In his later novels, Irving does just the opposite, using Harold and other metaphors to demonstrate sex sex sex Ynez on top?
She gasped, looking both ways to see if anyone else had seen this, and pushed the chair slowly away from the desk.
Now,
that
was weird.
She supposed it wouldn’t hurt just to check to see where they’d netted out. She’d have to know the answer in order to write the article, after all, right?
She grabbed the book and stretched out on the bed. Where had she been? The third chapter? She found the page, reread the scene with the struggle and the pill, feeling the same lurch in her belly, then scanned ahead. Chapter Four, Chapter Five, Chapter Six—bingo!
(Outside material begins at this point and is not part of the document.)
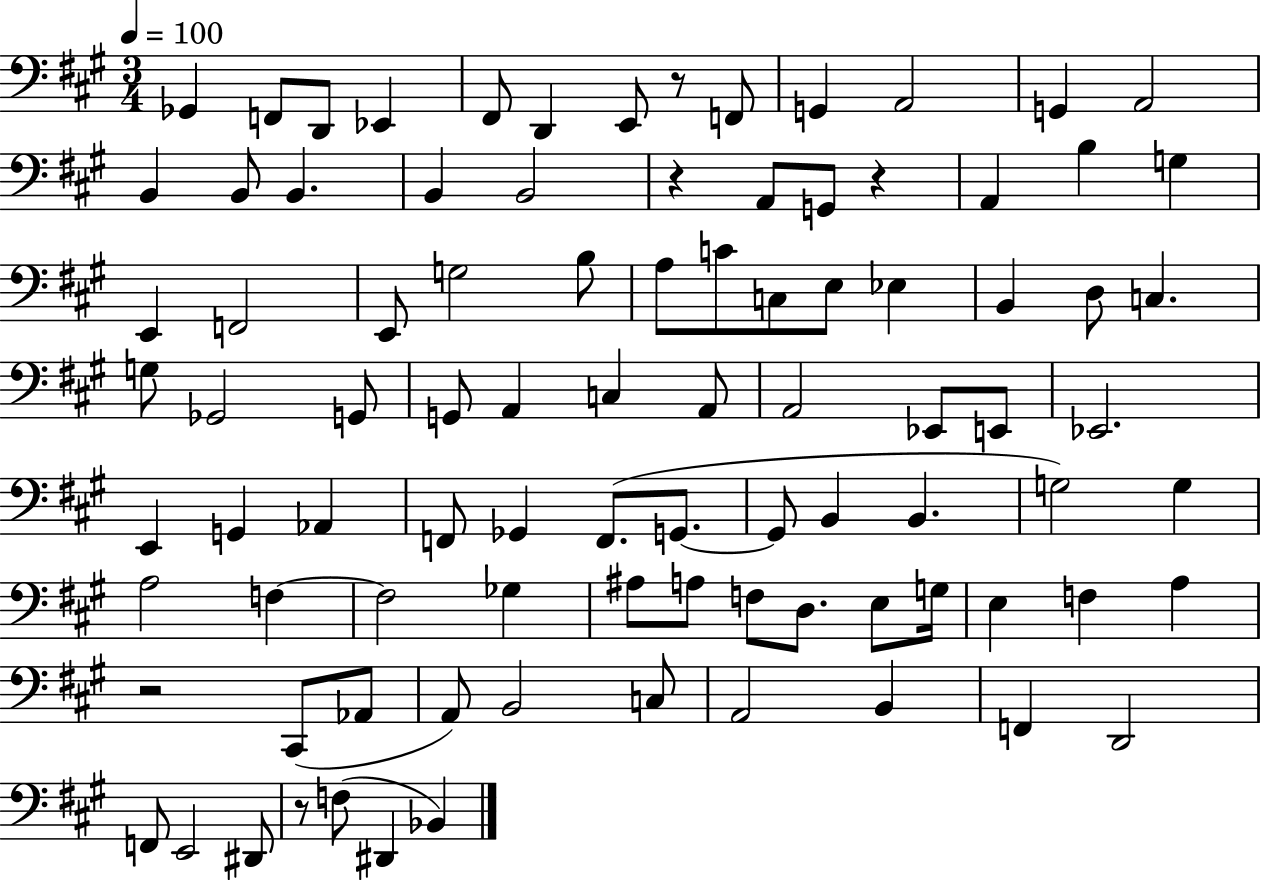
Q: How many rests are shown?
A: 5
“Kiss,” “caress,” and the all-important “iron length.” This was the spot!
He laid her out on the velvet-covered bench, heedless of the floor-to-ceiling windows whose diaphanous silk drapes billowed in the cool summer breeze. She would be his at last.
In an instant Ellery was right there with Ynez, laid out on the bench like some Egyptian queen on a palanquin, gazing out the museum windows, feeling the heavy press of Axel between her—
Axel?
Harold, she thought firmly, though the scene certainly called to mind that summer night she and Axel had first succumbed.
Her breasts quivered with the beating of her heart.
“You will be my first,” she said in a small voice.
“My first”?
There’s no way this is Ynez’s first time, Ellery thought. Not a she-devil who can fight her way to victory!
Please
. Ellery scanned the next paragraph and leapt to her feet, horrified.
“This is
Britta
?” she cried. “You’re bedding
Britta
after saving
Ynez’s
life? How did that little upstart worm her way into your bed?”